Work instructions: Retype the following data exactly, but leave its pictures out.

Information shown:
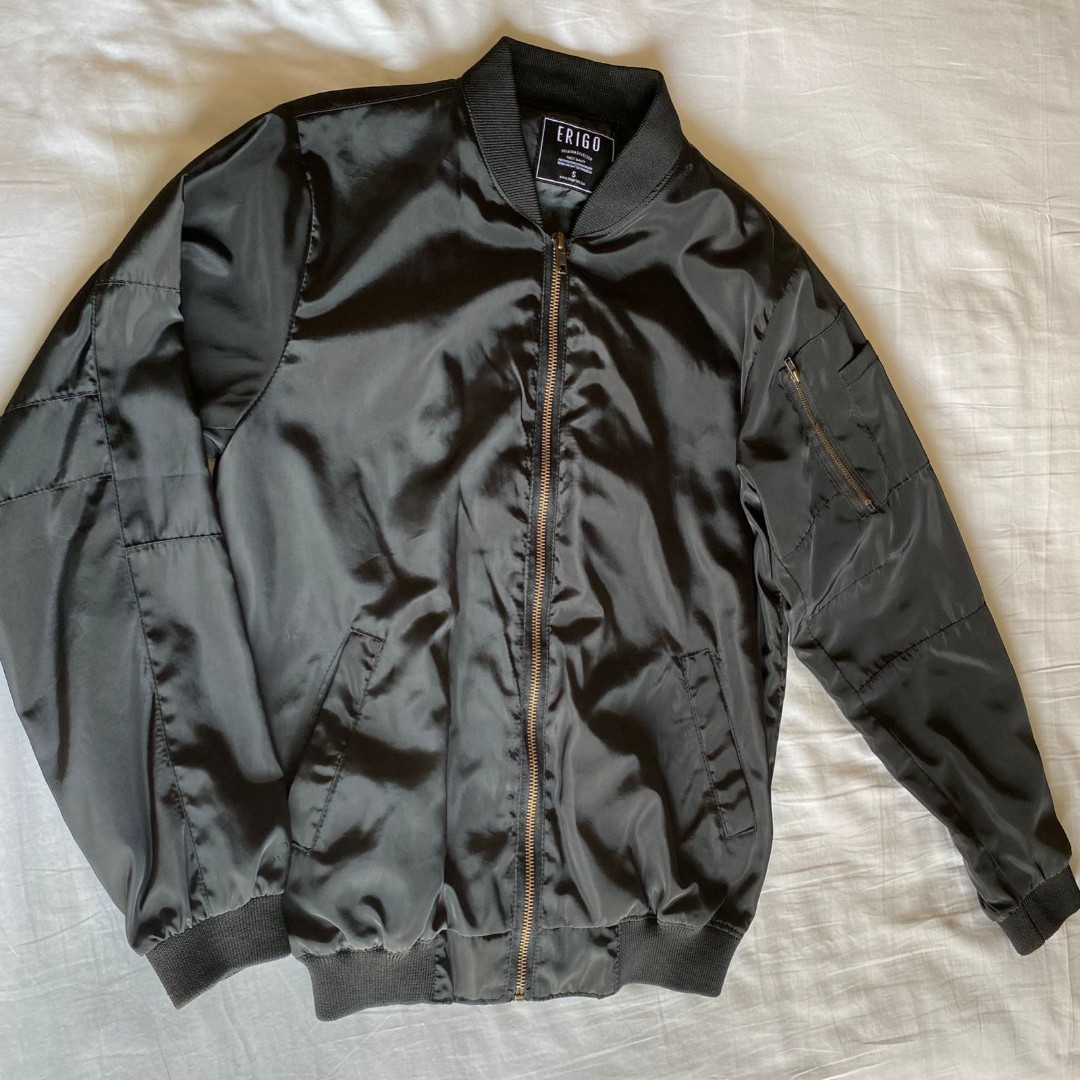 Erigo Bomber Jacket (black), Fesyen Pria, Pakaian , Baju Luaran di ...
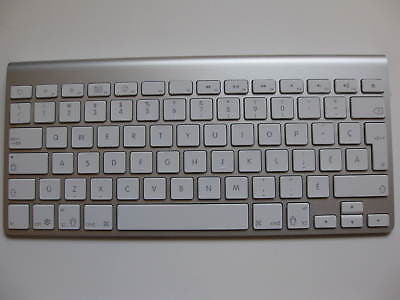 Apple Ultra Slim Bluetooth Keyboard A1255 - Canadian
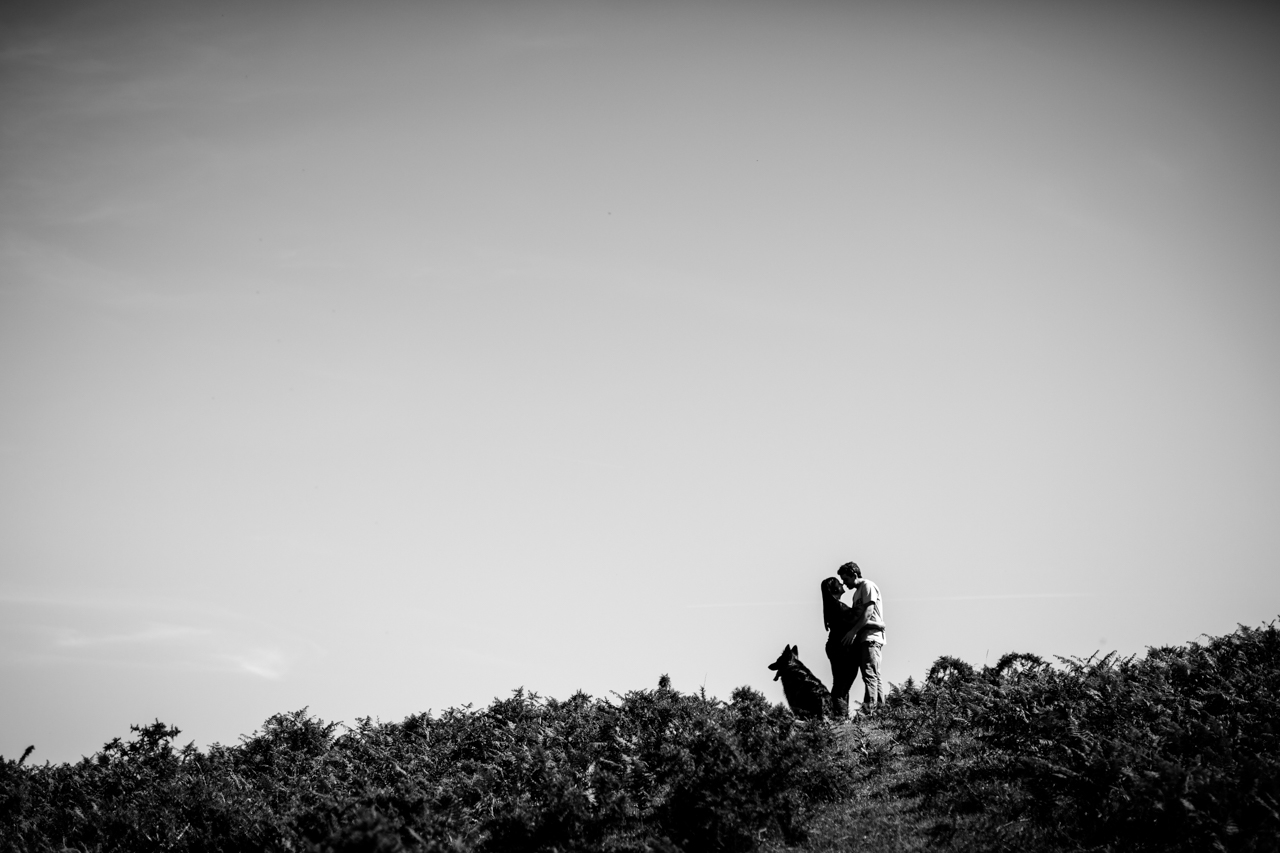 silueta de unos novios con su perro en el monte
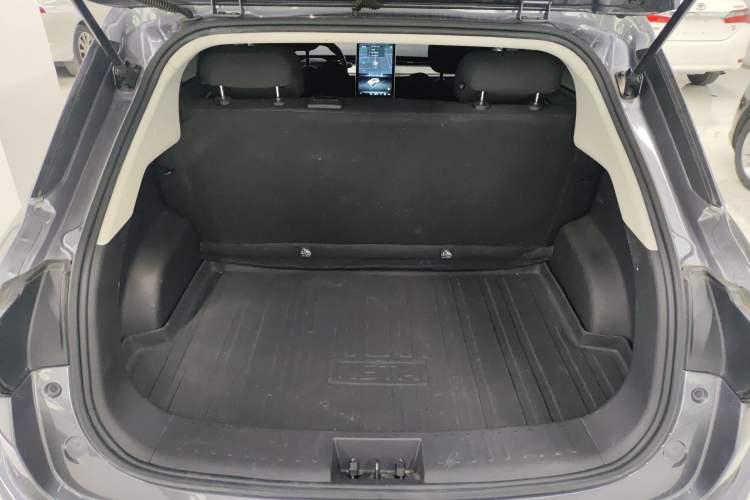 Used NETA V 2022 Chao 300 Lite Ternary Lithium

Solution to the exercise:
 Erigo Bomber Jacket (black), Fesyen Pria, Pakaian , Baju Luaran di ...
 Apple Ultra Slim Bluetooth Keyboard A1255 - Canadian
 silueta de unos novios con su perro en el monte
 Used NETA V 2022 Chao 300 Lite Ternary Lithium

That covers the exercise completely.